The answer must consist of every line below that holds the word "with".

▶ _Source material_:
-------
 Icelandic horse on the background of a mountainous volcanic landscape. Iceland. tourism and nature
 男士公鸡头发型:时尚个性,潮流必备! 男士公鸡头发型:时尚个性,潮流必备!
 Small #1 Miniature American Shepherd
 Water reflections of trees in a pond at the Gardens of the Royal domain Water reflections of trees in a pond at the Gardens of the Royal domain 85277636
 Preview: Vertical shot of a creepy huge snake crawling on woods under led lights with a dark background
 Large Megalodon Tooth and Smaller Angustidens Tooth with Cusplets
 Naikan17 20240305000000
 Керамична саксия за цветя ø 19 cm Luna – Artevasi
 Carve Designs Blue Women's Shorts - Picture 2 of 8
-------
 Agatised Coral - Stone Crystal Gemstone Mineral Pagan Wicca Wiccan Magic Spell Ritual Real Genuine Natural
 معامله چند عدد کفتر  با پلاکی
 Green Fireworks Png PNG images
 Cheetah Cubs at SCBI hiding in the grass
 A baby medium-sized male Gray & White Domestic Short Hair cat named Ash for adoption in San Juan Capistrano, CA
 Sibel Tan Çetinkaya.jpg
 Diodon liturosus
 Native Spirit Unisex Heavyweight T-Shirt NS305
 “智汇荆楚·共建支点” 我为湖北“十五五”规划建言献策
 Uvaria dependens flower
-------
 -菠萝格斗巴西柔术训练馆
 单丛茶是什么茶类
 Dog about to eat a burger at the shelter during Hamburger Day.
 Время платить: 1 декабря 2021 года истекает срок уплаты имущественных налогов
-------
▶ _The completed task_:
 Preview: Vertical shot of a creepy huge snake crawling on woods under led lights with a dark background
 Large Megalodon Tooth and Smaller Angustidens Tooth with Cusplets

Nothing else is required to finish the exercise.